彼女の持つ技術の有能さが、彼女の選択を奪い、彼女を追いつめていく。彼女は自身の能力と立場の犠牲となっているのかもしれない。
 
彼女のあり方と、千反田さんとの交遊関係は、恐らく千反田さんの傷付きを探る大きなヒントだ。
くり返される「豪農千反田家」のフレーズ。
「疎遠になっている関谷家」
「私は兄弟が欲しかったんです。尊敬出来る姉か、可愛い弟が」
一人っ子なのに、福部君は「千反田家の長女」という呼び方をした。
古い血統の農家の子が、女の子一人だけ、という不思議。
少しずつ手がかりが集まってきた感じ。まだ決め手は無いけど、なにか、彼女の意思を超えた一族の問題、社会的な義務、しがらみを感じる。
そのあたり、女帝と千反田さんに共通点がある気がする。
 
女帝との共通点、というなら、千反田さん以上に、実は我らが折木奉太郎も持っている。
生まれや立場によって、というより、その技術と才能によって、犠牲の立場へ追い詰められていく、と見るなら、折木君の方が女帝に近いと言っていい。

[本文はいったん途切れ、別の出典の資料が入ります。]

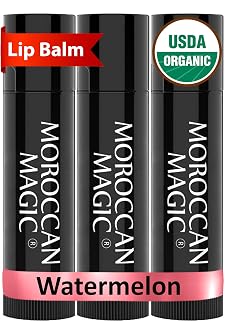 Moroccan Magic Organic Watermelon Lip Balm 3 Pack Ultra-Hydrating Argan Essential Oil Lip Moisturizer Vitamin E Natural Chapstick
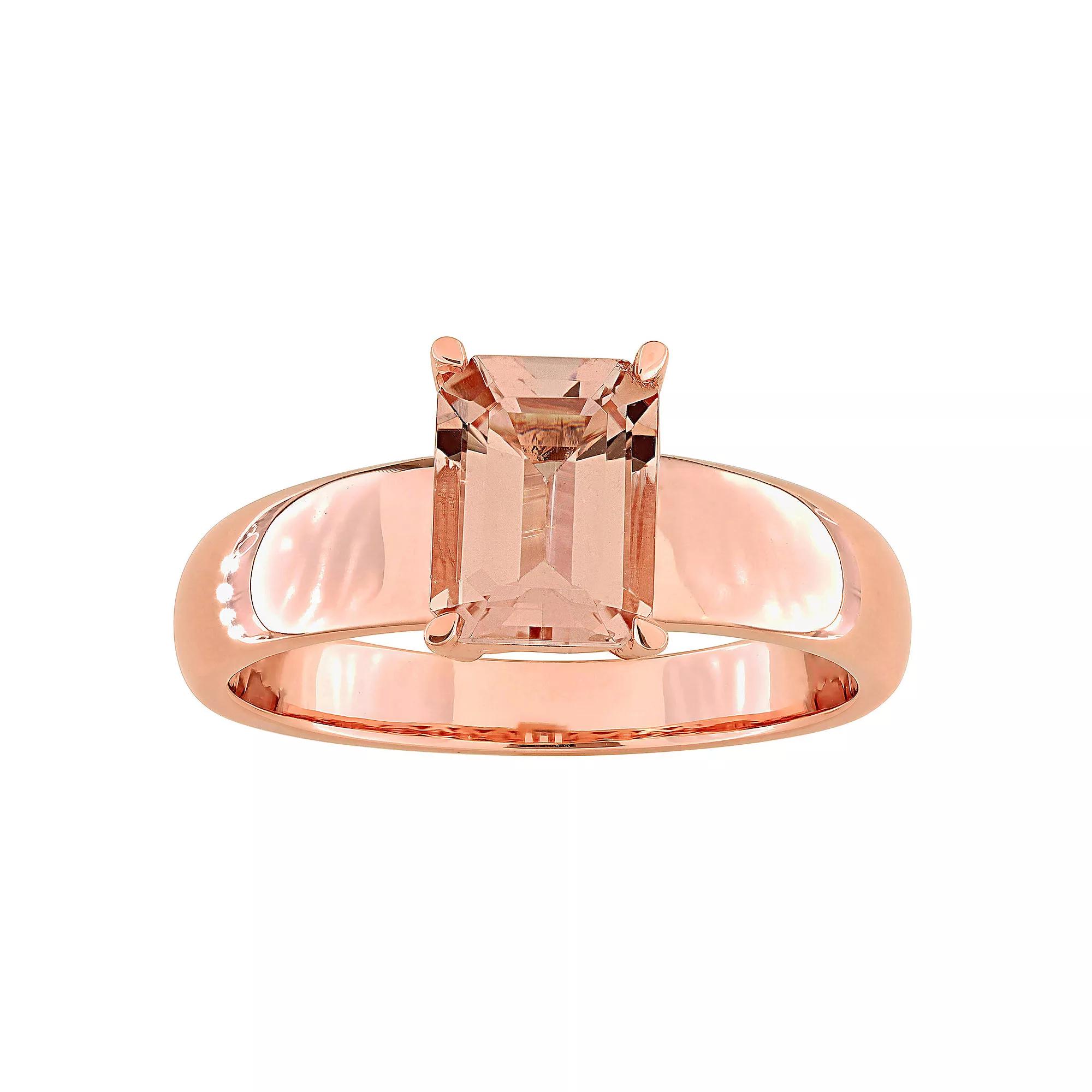 Stella Grace 14k Rose Gold Morganite Solitaire Ring, Women's, Size: 5 Product Image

第八話は、福部君から「ホータローの才能の評価は保留しておこう」と言われるやりとりで始まるのだった。やはり、才能の重圧に悲鳴もあげることが出来なくなる、その運命が描かれることが、今回のエピソードのメインテーマなのだろうか。
女帝を仲立ちとして、折木君が千反田さんとの関係を考え直したりもするのかな。
 
だいぶ話がそれた。
長くなったし、続きは、次回にしよう。本放送の解決前にアップ出来るかな……。